MOTs are built cheap to run hot, they are designed to operate well into saturation, drawing a huge magnetising current, to save on materials at the cost of power consumption. Consider the cooling fan to be part of the transformer system. While the original primary winding will work 'as well as it did', it didn't work very well originally. Consider using some of the extra winding space you've created to put on a few extra primary turns, to ease the maximum field down a bit and reduce your core heating.

You're nearly doubling the flux path length, which other things being equal will reduce the primary inductance and so increase the (already high) magnetising current. However the amount the core is saturated will have a bigger effect on primary inductance, so put those extra primary turns on to reduce the saturation.

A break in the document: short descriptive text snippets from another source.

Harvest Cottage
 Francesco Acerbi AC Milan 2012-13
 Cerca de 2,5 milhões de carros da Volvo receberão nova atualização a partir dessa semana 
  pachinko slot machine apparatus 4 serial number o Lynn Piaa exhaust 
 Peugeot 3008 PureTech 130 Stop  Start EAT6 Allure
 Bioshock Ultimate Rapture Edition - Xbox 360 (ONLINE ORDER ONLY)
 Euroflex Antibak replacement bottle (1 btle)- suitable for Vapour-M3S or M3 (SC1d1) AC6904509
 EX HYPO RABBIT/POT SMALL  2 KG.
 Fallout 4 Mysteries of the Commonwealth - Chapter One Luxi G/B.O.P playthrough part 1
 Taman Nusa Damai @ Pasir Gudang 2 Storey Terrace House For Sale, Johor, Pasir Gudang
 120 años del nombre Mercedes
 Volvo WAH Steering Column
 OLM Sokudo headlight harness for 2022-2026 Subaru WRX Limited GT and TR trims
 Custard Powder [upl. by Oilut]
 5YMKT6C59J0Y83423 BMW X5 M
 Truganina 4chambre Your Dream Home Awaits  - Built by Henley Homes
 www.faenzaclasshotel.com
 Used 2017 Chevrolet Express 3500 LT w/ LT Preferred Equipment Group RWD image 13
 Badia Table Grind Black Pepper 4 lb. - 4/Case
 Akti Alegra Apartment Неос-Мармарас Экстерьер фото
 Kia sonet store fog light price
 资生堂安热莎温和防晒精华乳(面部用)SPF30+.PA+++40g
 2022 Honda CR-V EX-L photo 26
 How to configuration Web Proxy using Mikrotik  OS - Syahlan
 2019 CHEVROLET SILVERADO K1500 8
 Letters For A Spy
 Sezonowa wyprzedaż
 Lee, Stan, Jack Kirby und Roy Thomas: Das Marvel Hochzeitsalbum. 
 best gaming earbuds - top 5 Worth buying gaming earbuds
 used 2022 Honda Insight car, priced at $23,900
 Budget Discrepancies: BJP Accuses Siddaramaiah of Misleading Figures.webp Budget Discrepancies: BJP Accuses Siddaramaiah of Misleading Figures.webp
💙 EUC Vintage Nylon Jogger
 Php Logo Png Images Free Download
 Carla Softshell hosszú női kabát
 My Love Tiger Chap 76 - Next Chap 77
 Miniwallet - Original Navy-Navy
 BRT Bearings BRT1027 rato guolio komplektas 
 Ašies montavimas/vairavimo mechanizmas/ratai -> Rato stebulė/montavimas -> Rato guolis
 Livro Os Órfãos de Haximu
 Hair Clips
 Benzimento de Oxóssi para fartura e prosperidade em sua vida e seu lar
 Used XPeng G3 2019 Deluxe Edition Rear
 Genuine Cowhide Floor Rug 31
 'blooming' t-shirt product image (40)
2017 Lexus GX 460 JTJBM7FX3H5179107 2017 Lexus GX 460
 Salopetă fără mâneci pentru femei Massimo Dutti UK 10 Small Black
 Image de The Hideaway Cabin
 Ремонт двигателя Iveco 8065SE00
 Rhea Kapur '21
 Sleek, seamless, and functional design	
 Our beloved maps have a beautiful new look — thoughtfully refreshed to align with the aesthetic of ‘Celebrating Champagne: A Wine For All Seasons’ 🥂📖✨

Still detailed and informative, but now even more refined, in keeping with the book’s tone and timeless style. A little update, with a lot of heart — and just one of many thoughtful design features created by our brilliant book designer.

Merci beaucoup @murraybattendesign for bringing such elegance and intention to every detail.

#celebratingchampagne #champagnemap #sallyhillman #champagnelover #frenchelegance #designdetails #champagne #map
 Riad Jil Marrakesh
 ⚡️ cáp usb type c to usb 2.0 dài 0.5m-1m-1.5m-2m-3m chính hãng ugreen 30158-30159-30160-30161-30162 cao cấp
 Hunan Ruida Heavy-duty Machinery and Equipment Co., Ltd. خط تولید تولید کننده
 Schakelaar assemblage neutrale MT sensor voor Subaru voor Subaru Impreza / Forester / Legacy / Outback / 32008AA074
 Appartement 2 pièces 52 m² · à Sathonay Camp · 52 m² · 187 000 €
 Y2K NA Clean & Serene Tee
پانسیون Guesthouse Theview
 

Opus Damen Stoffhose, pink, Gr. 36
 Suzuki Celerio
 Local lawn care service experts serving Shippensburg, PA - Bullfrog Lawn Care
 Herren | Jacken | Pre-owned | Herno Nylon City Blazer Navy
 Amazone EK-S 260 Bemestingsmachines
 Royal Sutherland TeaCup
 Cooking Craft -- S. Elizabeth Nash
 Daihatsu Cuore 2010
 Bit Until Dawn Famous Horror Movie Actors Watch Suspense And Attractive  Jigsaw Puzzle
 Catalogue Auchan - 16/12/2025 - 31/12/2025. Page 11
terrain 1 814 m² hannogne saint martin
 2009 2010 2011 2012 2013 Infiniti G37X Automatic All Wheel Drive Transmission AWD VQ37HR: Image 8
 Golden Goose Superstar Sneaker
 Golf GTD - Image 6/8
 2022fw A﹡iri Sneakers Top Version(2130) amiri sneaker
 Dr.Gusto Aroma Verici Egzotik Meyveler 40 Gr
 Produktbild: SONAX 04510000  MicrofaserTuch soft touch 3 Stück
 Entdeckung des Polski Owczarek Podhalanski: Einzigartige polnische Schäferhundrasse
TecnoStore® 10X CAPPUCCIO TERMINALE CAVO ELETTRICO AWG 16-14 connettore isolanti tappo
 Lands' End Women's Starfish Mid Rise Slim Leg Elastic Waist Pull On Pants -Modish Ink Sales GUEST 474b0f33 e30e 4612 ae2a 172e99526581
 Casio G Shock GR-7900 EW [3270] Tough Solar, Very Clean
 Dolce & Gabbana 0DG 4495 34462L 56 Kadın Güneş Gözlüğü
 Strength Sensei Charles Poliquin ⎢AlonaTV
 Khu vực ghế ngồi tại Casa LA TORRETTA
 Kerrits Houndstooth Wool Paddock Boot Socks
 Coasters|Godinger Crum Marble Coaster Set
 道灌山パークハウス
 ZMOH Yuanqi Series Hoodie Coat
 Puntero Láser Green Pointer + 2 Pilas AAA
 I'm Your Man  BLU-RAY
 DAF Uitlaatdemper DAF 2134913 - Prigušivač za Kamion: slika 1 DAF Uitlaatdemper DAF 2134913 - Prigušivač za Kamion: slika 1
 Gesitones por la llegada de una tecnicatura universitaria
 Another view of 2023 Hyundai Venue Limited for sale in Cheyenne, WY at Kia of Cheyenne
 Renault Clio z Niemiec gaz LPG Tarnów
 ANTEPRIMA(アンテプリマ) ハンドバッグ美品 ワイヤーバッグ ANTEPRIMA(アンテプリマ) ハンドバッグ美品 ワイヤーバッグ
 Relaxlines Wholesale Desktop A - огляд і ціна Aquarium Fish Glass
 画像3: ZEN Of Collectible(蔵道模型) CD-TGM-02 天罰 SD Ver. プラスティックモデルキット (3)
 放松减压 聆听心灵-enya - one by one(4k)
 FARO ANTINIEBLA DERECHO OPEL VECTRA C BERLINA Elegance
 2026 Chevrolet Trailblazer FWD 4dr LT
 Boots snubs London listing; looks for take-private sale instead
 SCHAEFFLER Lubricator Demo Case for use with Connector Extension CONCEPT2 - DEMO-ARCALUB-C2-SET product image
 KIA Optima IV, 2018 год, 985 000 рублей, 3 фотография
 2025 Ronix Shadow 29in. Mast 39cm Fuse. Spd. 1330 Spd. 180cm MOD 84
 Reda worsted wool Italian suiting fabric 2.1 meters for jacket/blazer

Any air gap between the assembled Es will dramatically (air length has 1000x times the effect of iron length) reduce the primary inductance and so increase the (already high) magnetising current. Take a lot of care to not distort the Es as you separate them from the Is, sacrifice the Is to avoid damaging the welds that hold the Es together. Spend a lot of time grinding/linishing the mating faces flat (against abrasive paper backed with a sheet of glass) so they fit together well. Note that if they fit well over only (say) 70% of their surface, then unless you're running at only 70% of the saturation field those mating parts are going to saturate. If you're going to run near saturation, you need 100% of the mating surfaces flat. Don't stop linishing until they're flat.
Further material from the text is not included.